T.S. Eliot - The Love Song Of J. Alfred Prufrock

Eliot's "The Love Song Of J. Alfred Prufrock" is one of the great modern poems in the English language, perhaps the most anthologized poem ever. What an amazing poem for a debut -- only "The Waste Land," "The Hollow Men," and "Four Quartets" are in the same league.

Composed mainly between February 1910 and July 1911, the poem was first published in the June 1915 issue of Poetry: A Magazine of Verse (Chicago) after Ezra Pound, the magazine's foreign editor, persuaded Harriet Monroe, the magazine's founder, that Eliot was unique: "He has actually trained himself AND modernized himself ON HIS OWN. The rest of the promising young have done one or the other but never both."[3] This was Eliot's first publication of a poem outside of school or university publications.

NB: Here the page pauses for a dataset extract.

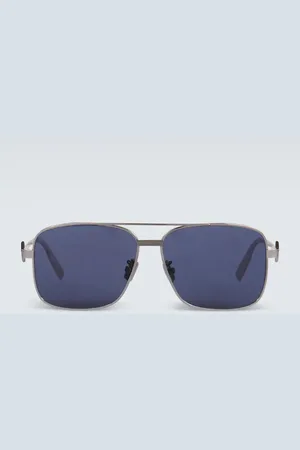 Dior Eckige Sonnenbrille CD Diamond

In June 1917, The Egoist, a small publishing firm run by Leonard and Virginia Woolf, published a pamphlet entitled Prufrock and Other Observations (London), containing twelve poems by Eliot. "The Love Song of J. Alfred Prufrock" was the first poem in the volume.

Eliot's notebook of draft poems, Inventions of the March Hare (published posthumously in 1996 by the publishing firm of Harcourt Brace), includes thirty-eight lines from the middle of the draft version of the poem that were withheld from the initial publication. This section, known as Prufrock's Pervigilium, contains the "vigil" of Prufrock through an evening and night.